→ WHAT THE EXERCISE ASKS
Copy exactly, and only, the lines from the line containing "de separador, mal" through the last line of the records below, both included, and leave out any pictures.

____

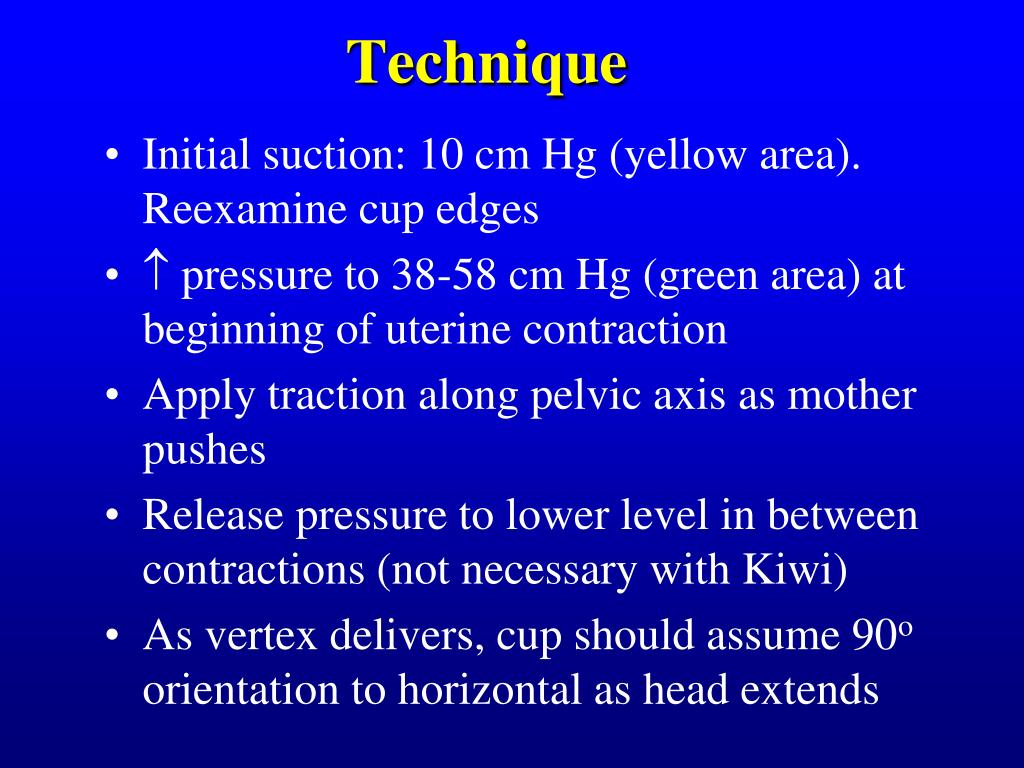 PPT Vacuum Assisted Vaginal Delivery PowerPoint Presentation, free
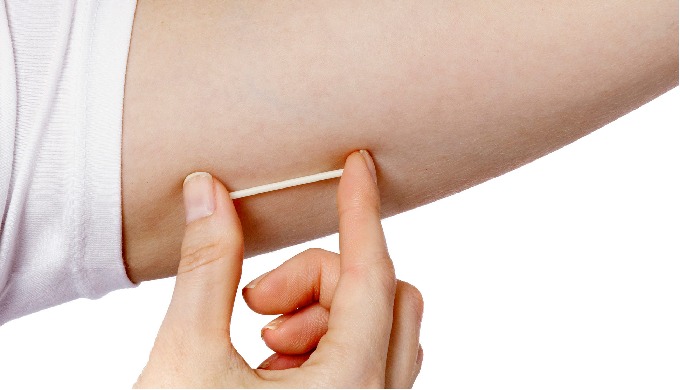 Nexplanon is a hormone-releasing birth control implant for use by women to prevent pregnancy for up ...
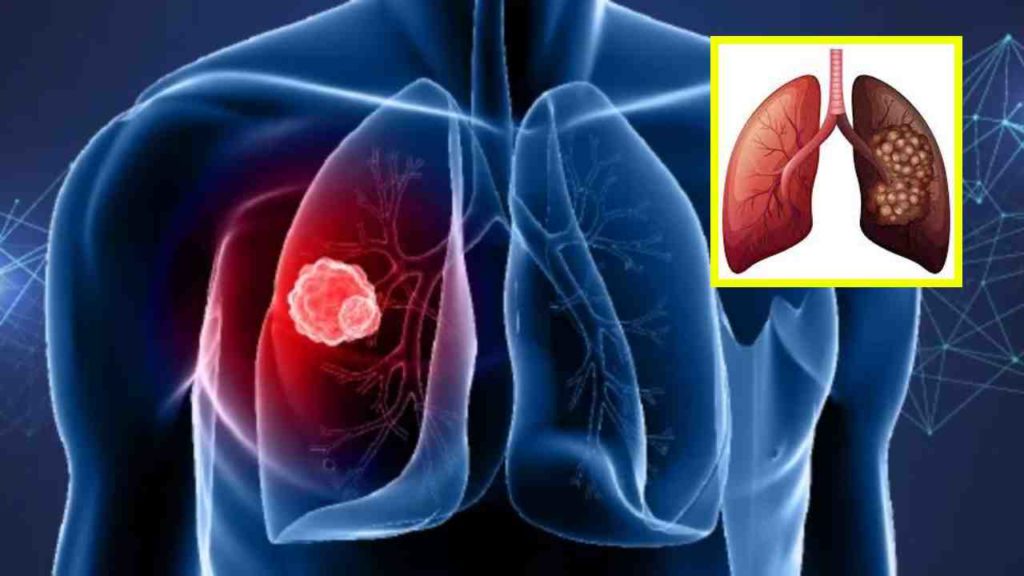 Lung Cancer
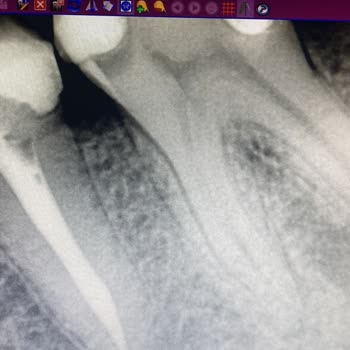 Dent Dream Klinik Sorun Yaşama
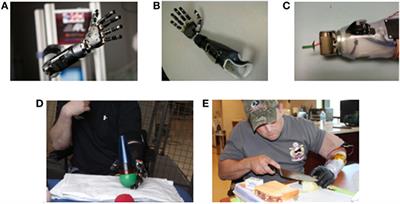 Frontiers | Initial Clinical Evaluation Of The Modular Prosthetic Limb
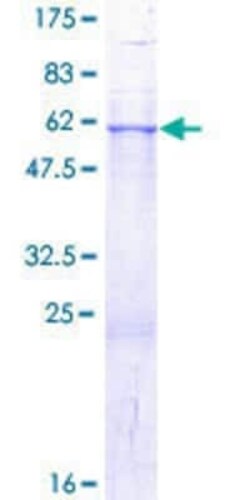 Novus Biologicals Recombinant Human GDAP1 GST (N-Term) Protein 10 &mu;g | Buy Online | Novus Biologicals&trade; | Fisher Scientific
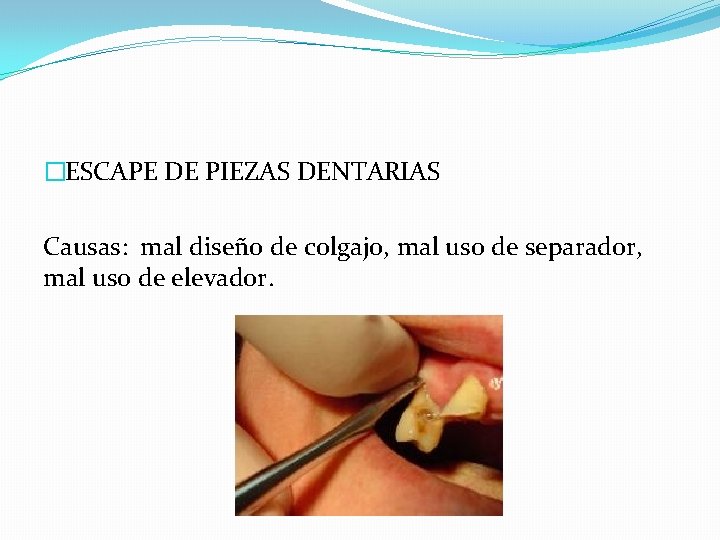 �ESCAPE DE PIEZAS DENTARIAS Causas: mal diseño de colgajo, mal uso de separador, mal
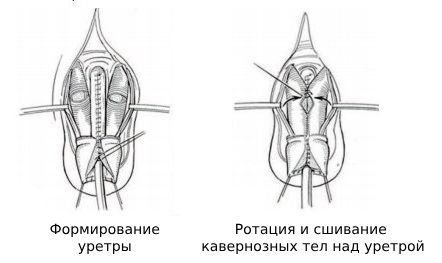 Операция Кантвелла — Рэнсли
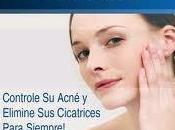 Remedios Homeopaticos Para Acne Mejor Solución Pueda Encontrar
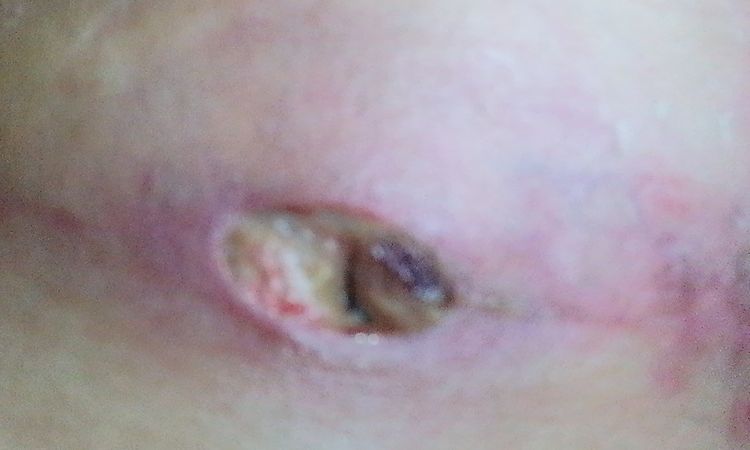 Herida abierta después de pexia - 44751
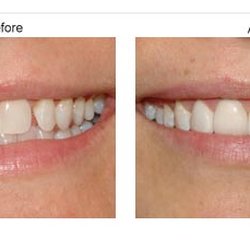 Gourgen Almasi, DDS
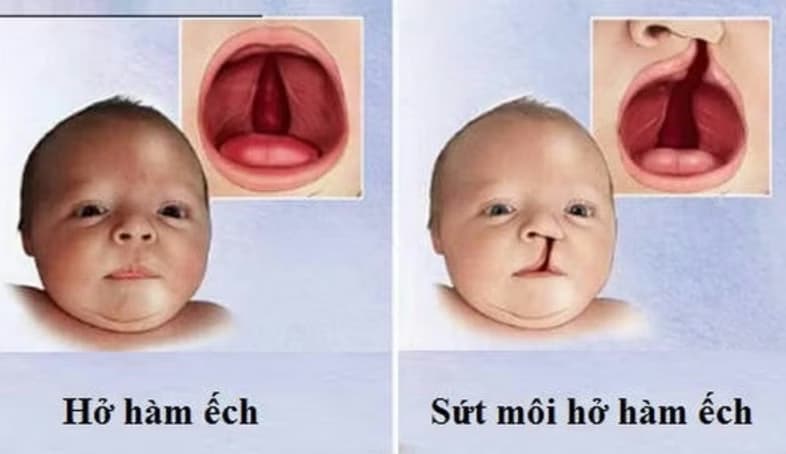 Sứt môi và hở hàm ếch: Nguyên nhân, dấu hiệu và cách điều trị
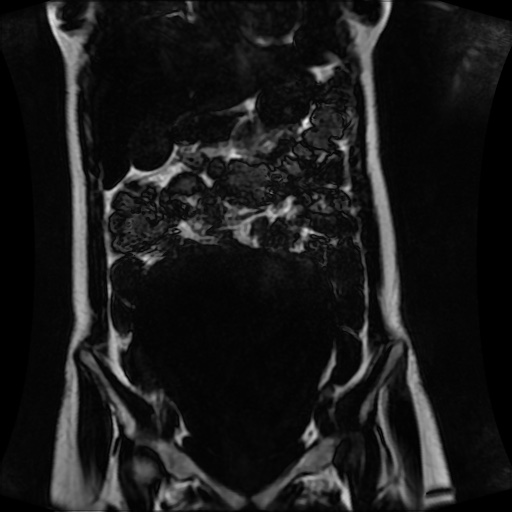 Normal MRI abdomen in pregnancy (Radiopaedia 88001-104541 N 55).jpg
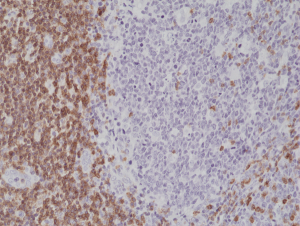 Immunohistochemical staining of formalin fixed and paraffin embedded human tonsil tissue section using anti-CD5 rabbit monoclonal antibody (Clone RM314) at a 1:1000 dilution.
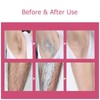 Haarentfernungscreme Körper Enthaarungscreme Sanfte Haarentfernungscreme Painless Hair Remover Cream Verbrennt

____

→ ANSWER BELOW
 �ESCAPE DE PIEZAS DENTARIAS Causas: mal diseño de colgajo, mal uso de separador, mal
 Операция Кантвелла — Рэнсли
 Remedios Homeopaticos Para Acne Mejor Solución Pueda Encontrar
 Herida abierta después de pexia - 44751
 Gourgen Almasi, DDS
 Sứt môi và hở hàm ếch: Nguyên nhân, dấu hiệu và cách điều trị
 Normal MRI abdomen in pregnancy (Radiopaedia 88001-104541 N 55).jpg
 Immunohistochemical staining of formalin fixed and paraffin embedded human tonsil tissue section using anti-CD5 rabbit monoclonal antibody (Clone RM314) at a 1:1000 dilution.
 Haarentfernungscreme Körper Enthaarungscreme Sanfte Haarentfernungscreme Painless Hair Remover Cream Verbrennt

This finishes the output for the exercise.